**Exercise aim**: Please give the lines below again exactly as they stand, from the one that contains "Marine Aquarium Design" up to and including the one that contains "2-Pack Toddler Pillows", leaving all pictures out.

**Data supplied**:
/---
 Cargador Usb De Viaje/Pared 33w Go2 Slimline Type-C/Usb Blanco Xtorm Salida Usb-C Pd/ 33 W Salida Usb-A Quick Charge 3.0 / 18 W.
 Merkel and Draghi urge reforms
\---
/---
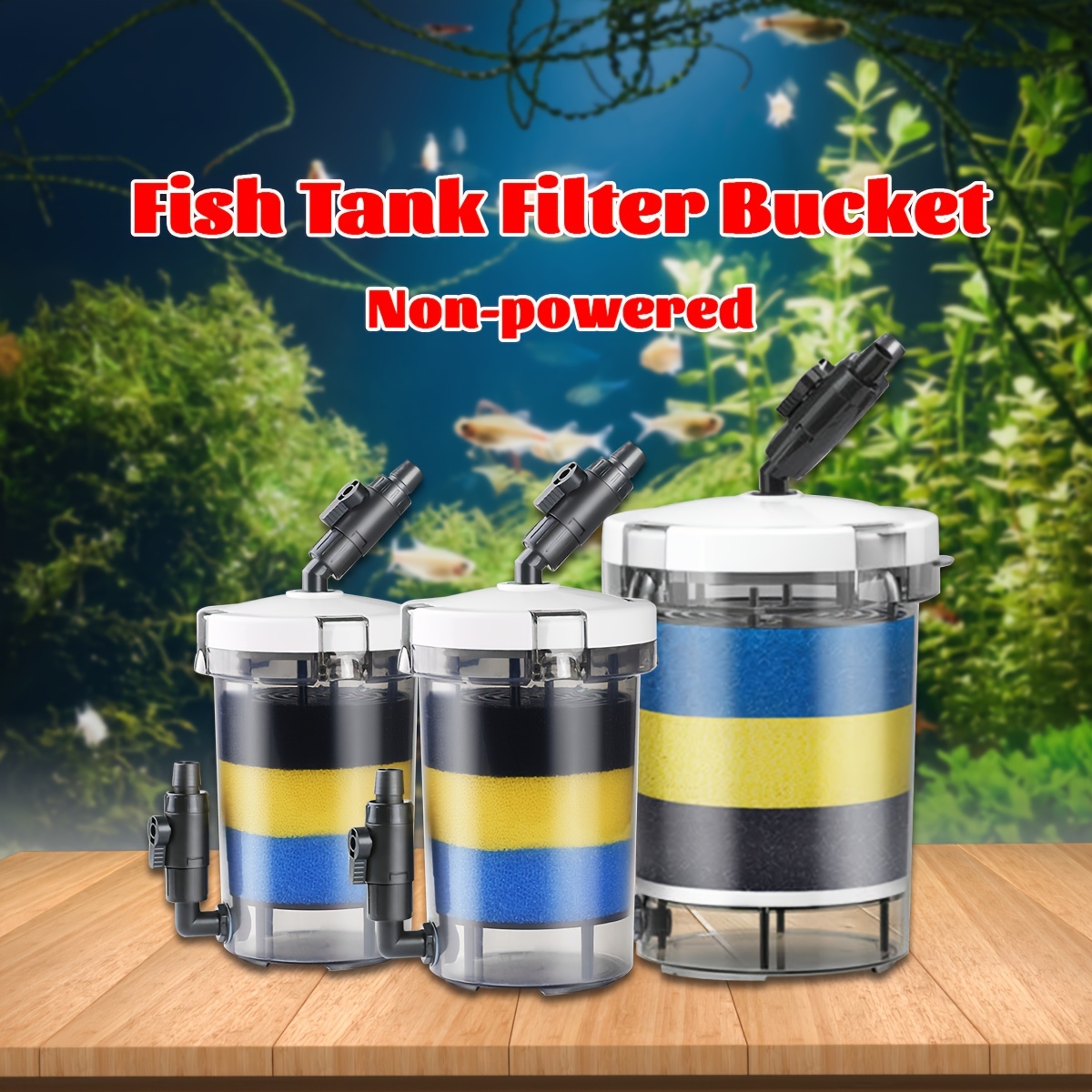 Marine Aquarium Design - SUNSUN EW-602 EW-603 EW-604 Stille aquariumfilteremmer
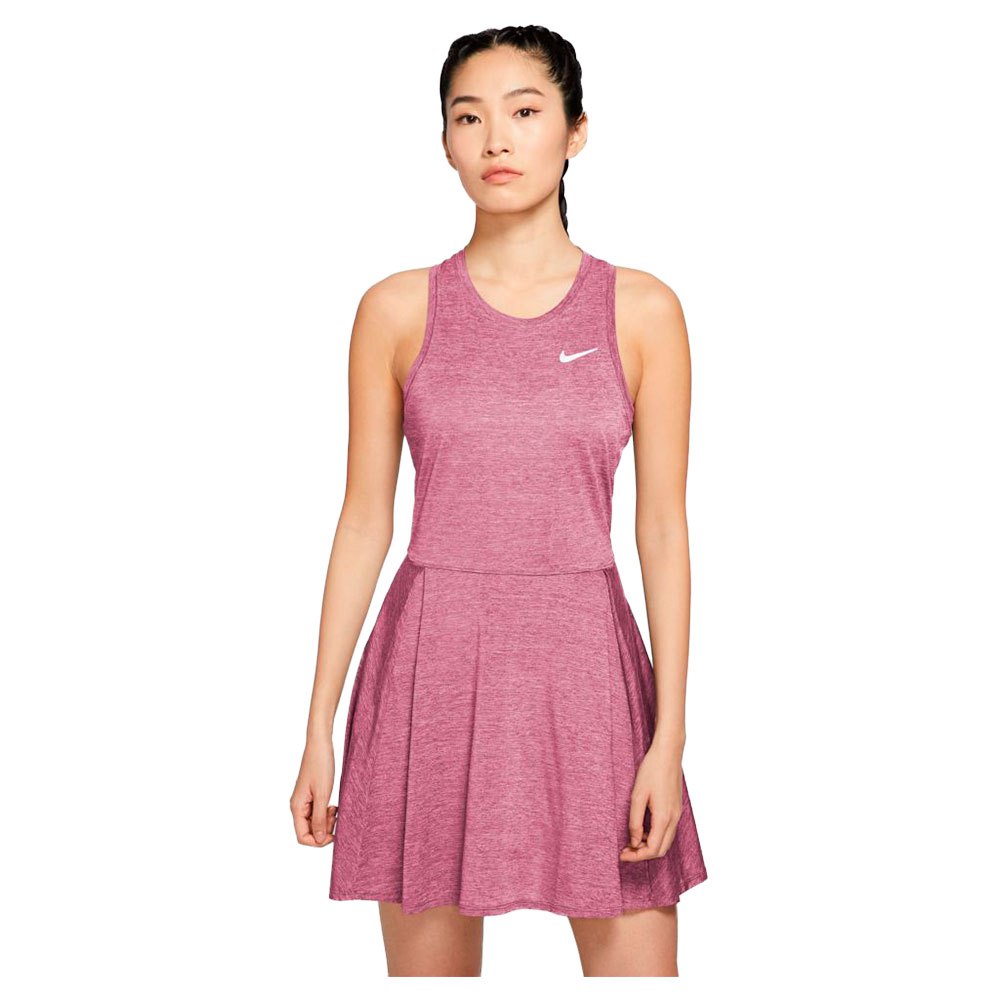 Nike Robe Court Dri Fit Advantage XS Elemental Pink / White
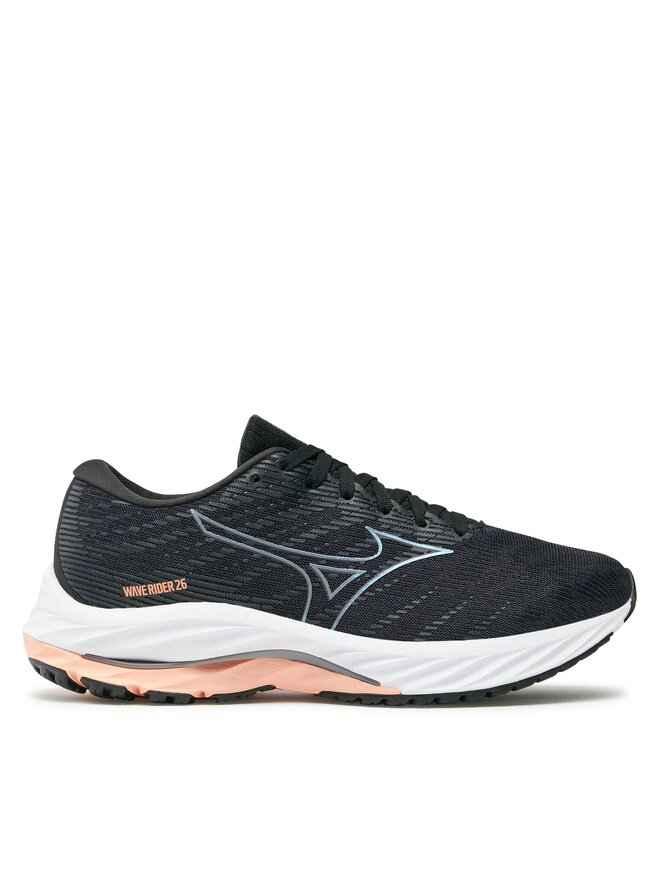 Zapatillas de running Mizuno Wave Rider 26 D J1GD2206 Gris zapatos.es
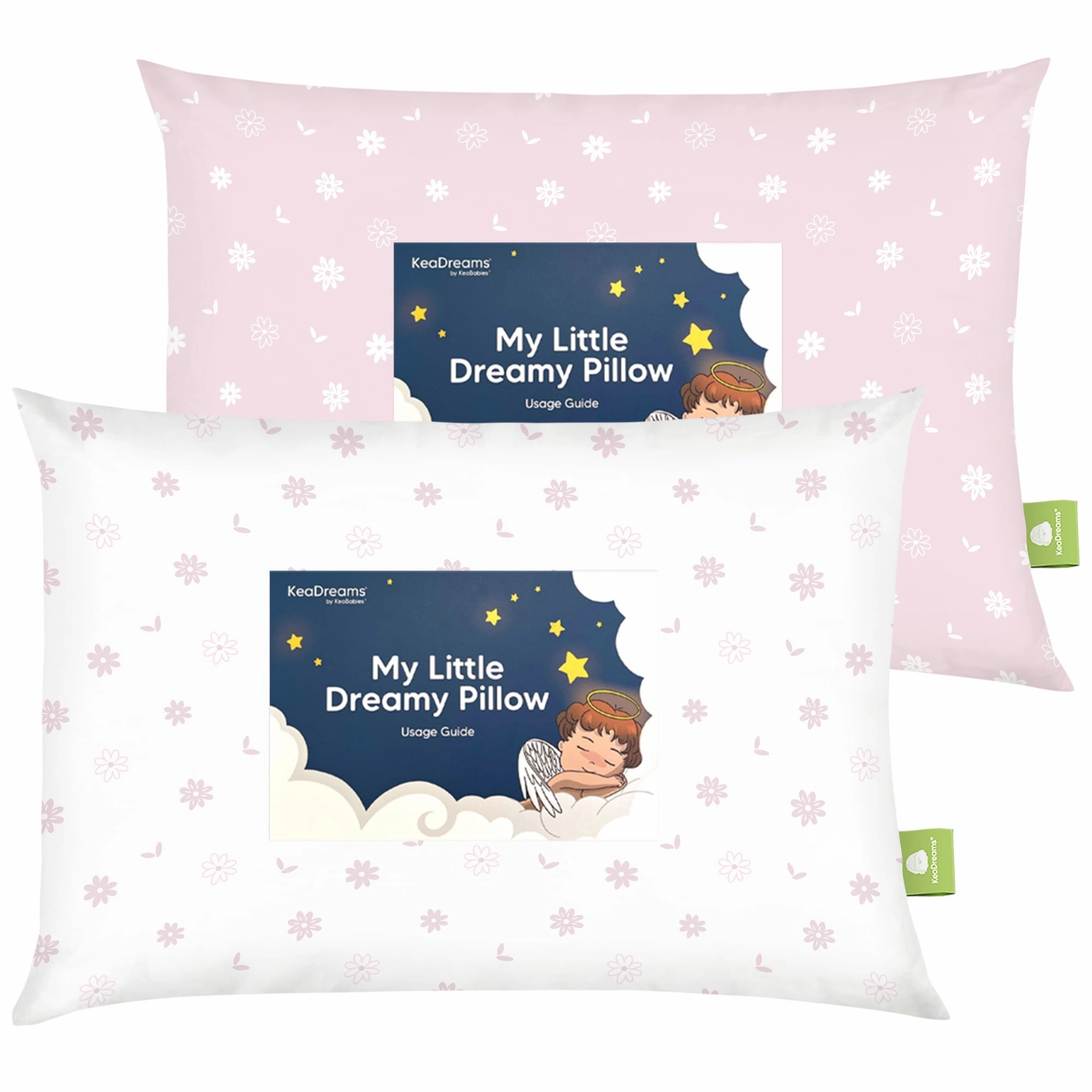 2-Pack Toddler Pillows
\---
/---
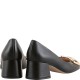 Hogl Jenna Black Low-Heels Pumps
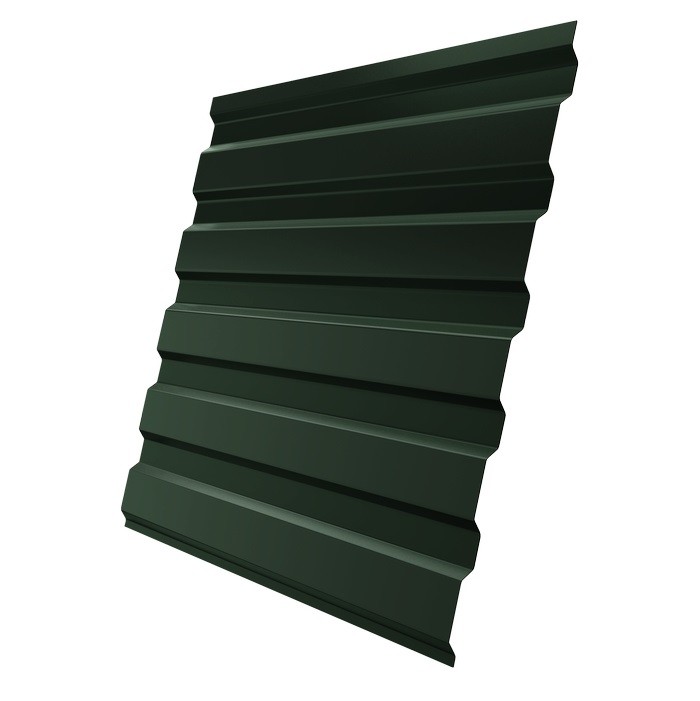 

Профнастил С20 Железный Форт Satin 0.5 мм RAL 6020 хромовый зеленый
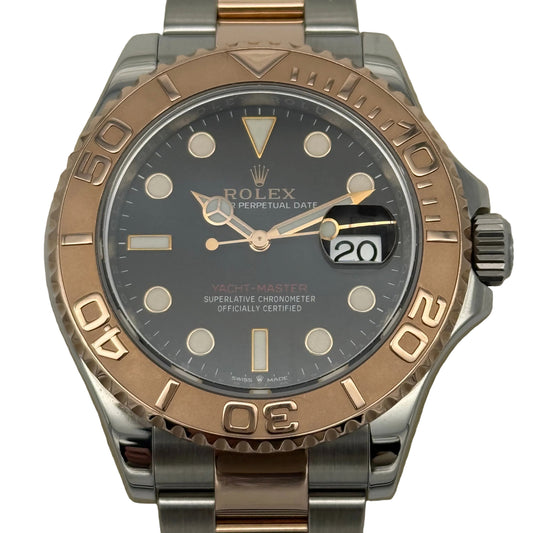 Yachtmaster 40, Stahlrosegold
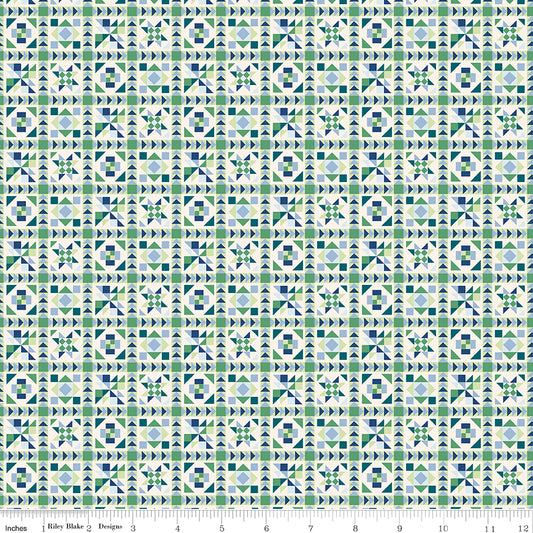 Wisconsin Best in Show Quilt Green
\---
**Reply**:
 Marine Aquarium Design - SUNSUN EW-602 EW-603 EW-604 Stille aquariumfilteremmer
 Nike Robe Court Dri Fit Advantage XS Elemental Pink / White
 Zapatillas de running Mizuno Wave Rider 26 D J1GD2206 Gris zapatos.es
 2-Pack Toddler Pillows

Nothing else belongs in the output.